(DATA EXCERPT begins)

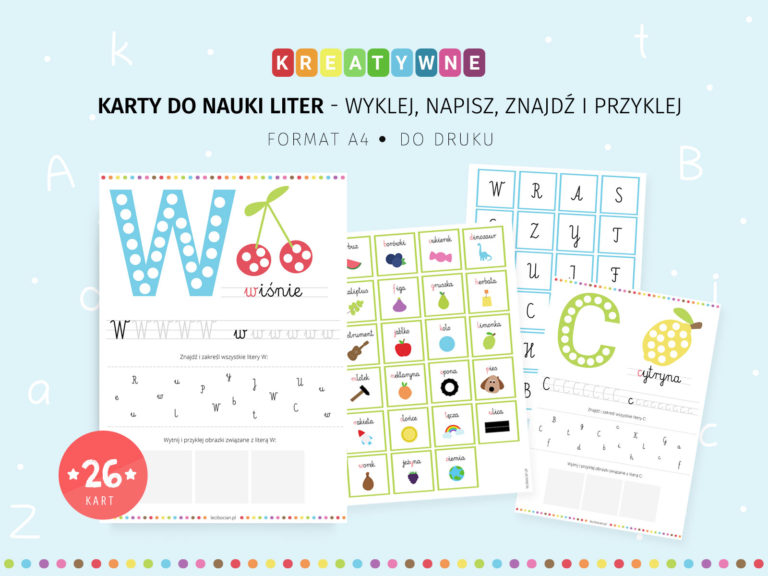 Karty Z Literami Do Wydruku Wklejki do zeszytu do pobrania i druku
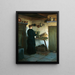 Interior of the kitchen painting The artist's wife arranging flowers - Viggo Johansen — framed artwork on a wall
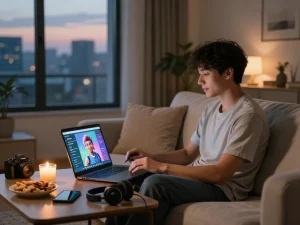 Engaging scene of a young man enjoying 18+ ai character chat in a cozy living room setting.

(DATA EXCERPT ends)

THE PROBLEM
Are you able to set down all the lines above exactly, without any pictures?

FINISHED EXERCISE
 Karty Z Literami Do Wydruku Wklejki do zeszytu do pobrania i druku
 Interior of the kitchen painting The artist's wife arranging flowers - Viggo Johansen — framed artwork on a wall
 Engaging scene of a young man enjoying 18+ ai character chat in a cozy living room setting.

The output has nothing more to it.